British actress (1797–1866)

Louisa Chatterley or Louisa Place born Louisa Simeon (16 October 1797 – 4 November 1866) was a British actress. She was involved in an embezzlement case, and later married a noted social reformer with fifteen children.

==Life==
Louisa Simeon was born in Piccadilly on 16 October 1797 to Madame Simeon. From the age of three she was sent by her milliner mother to a convent near Liverpool, a boarding school in Bath and finally a seminary in London.

She married the actor William Simmonds Chatterley, at Bedminster, on 11 August 1813. The two of them both enjoyed some success. Louisa took the name "Mrs Chatterley" and worked regularly in comedic roles in Bath and London. It was said that she was particularly adept at playing a French woman. She appeared in well known plays including The Rivals, She Stoops to Conquer, and Twelve Precisely, where Chatterley was required to play twelve different roles as she tests the character of a lover. In the winter of 1821 Mrs Chatterley was earning 12 guineas a week employed at Covent Garden.

Louisa was painted in the role of Lady Teazle by George Clint and sketched by Rose Emma Drummond.

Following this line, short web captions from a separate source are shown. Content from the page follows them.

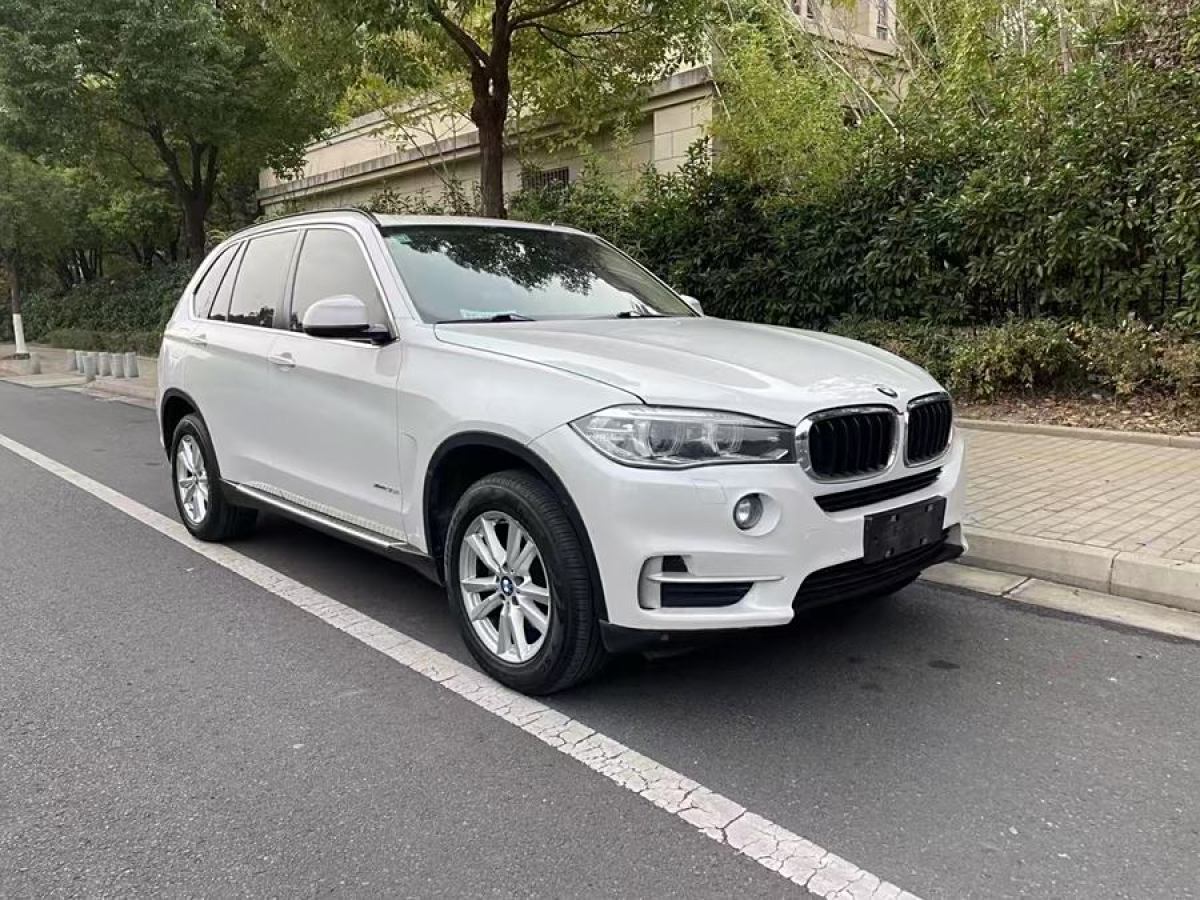 寶馬 寶馬X5  2014款 xDrive35i 領(lǐng)先型圖片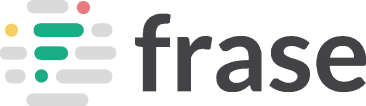 Logo frase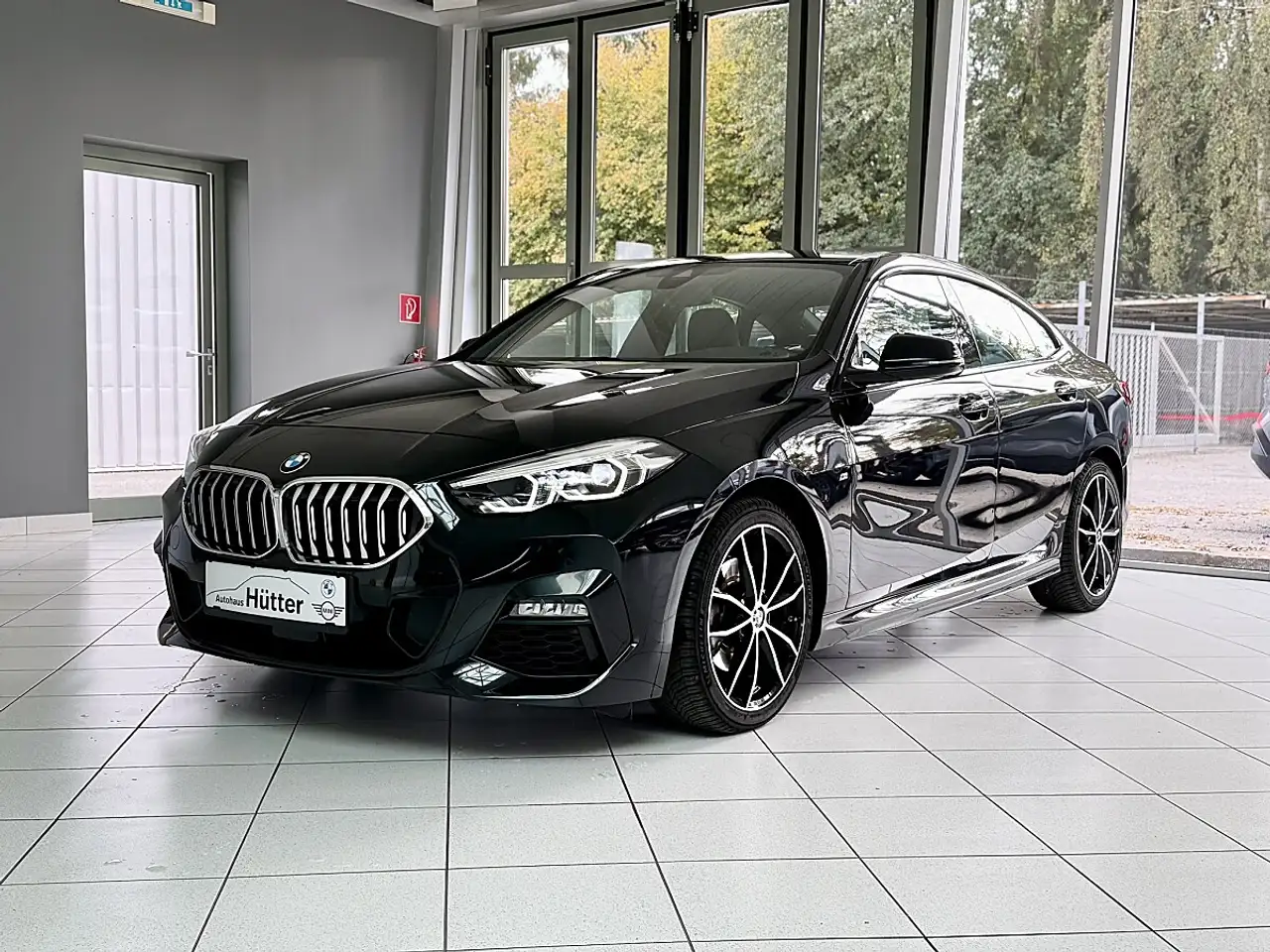 BMW 218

She went on to have a relationship with William Edward Taylor Christmas whilst still nominally married to William Chatterley. Christmas was a clerk at Hoares bank who had married a rich widow after he had been asked by the bank to advise her on her affairs. This was considered acceptable behaviour until he started a relationship with Chatterley. The rich widow was annoyed at Louisa's behaviour and tried to get her mother, Madame Simeon, to intercede. Meanwhile, the bank sacked him citing the poor example his lifestyle set to have one of their clerks in a relationship with "an actress". As it turned out the bank was to remember Christmas as he was discovered to have embezzled thousands of pounds. Some suspected this was to fund his time with Chatterley. Christmas was sentenced to be transported for 14 years and in 1825 he wrote an apology to the bank asking for leniency. They arranged for him to get an office job where he was again found to be forging documents.

From 1825 until 1830, she lived at 15 Brompton Square.

Her second marriage was to the social reformer Francis Place, on 13 February 1830, in Kensington. Place had 15 children and championed unfashionable reforms such as birth control. During the time she was married to Francis Place, Chatterley gave up acting. Her husband's family were not impressed by his new wife. In 1833 their finances required that they move from Charing Cross, to 21, Brompton Square. Place's son considered his father "virtuous" until he married Louisa. Francis suffered a stroke in 1844 and they separated in 1851. Her husband went to live with his children and died in 1854.

She returned to the stage after the death of Francis Place, acting at the Olympic, and Adelphi theatres.

Louisa (written as Louise on her burial and probate registers), died on 4 November 1866, at 37, Brompton Square, London. This is a short distance east of Holy Trinity Brompton. Probate of her will was granted on 29 November 1866, to Louisa Reeves Place, who was a granddaughter of Francis Place. She was buried on 10 November 1866, at Brompton Cemetery.